She travelled to the ruins of New York, seeking the blood of the Fallen Angels. Here she encountered Metatron (named after the angel), and met Blattidae (named after the cockroach), who told her of an ancient Prophecy that detailed her life history and told of her return to Goddesshood. In her battle with Metatron, she began to have doubts about whether she would ever be more than just a common vampire, but after beating him she realised that part of the problem was that she had been wasting her time with lesser creatures like him and should have been aiming higher. She left New York to Blattidae, most of her army having been crucified by Metatron, and began plotting her Ascension.

Travelling to Necropolis, she found it in ruins and was attacked by Rubicante, Rath's brother. Knowing of her abilities he decided to test her, and teleported her to the nightmarish world of Trandaemonium. Beating off an attack by the freaks that inhabited the world, she scented Lady Death here, and tracked her down. Lady Death pretended she didn't want to fight, then used her sword to fight for her — Nightmare swallowed Purgatori, who was well versed in magic and Blood Alchemy and made the sword submit to her will, allowing her to escape. She was ready to fight Lady Death again, but realised that if she didn't leave Transdaemoniium immediately, she never would. Taking the blood energy from Nightmare she left, returning to Earth where a war between the vampire clans was under way.

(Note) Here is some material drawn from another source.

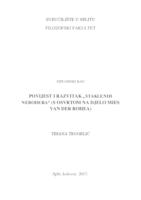 prikaz prve stranice dokumenta POVIJEST I RAZVITAK "STAKLENIH NEBODERA" (S OSVRTOM NA DJELO MIESA VAN DER ROHEA)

==== Vampire Clan Wars ====
Having set herself up as the CEO of Isis International, she scoured the planet for artifacts of power. Her first task was to take a team of mercenaries to New York to recover her Prophecy hieroglyphs. The team was attacked by the remains of Metatron's army, but she dealt with them easily. Back in Cairo, her work at Isis International was interrupted by illusions that turned out to be the work of Satrina. An ex-lover of Purgatori's, she returned to seduce her again, and showed her visions of struggles around the world. The message was to teach Purgatori that strength was not enough - she had to believe in herself, as did any army she raised, and that they must be willing to fight for her even if they knew the battle was lost. Satrina left her, secretly hiring a vampire hunter called Karmilla to assassinate Purgatori.

Purgatori watched the vampire war escalate, deciding that Dracula was becoming too powerful for her liking. She was attacked by Karmilla, who had been given various powers by Satrina, but defeated her, trapping her in her dungeon to torture. Karmilla managed to escape but Purgatori deflected her teleportation spell and left her to die in the cold tundra of North America while she traveled to the Invisible Village to find out whether or not it was Rath who had given Karmilla her charmed weapons.

Karmilla followed her, freshly armed with the Spine of Eden, and attacked Rath instead, tricked by Purgatori into thinking he had kidnapped her children. In the ensuing struggle, Purgatori learned that it was Satrina who had betrayed her and was trapped and almost killed by the Spine of Eden, but escaped by turning herself into blood, a sign of her rapidly growing powers. She splattered Karmilla over most of the landscape.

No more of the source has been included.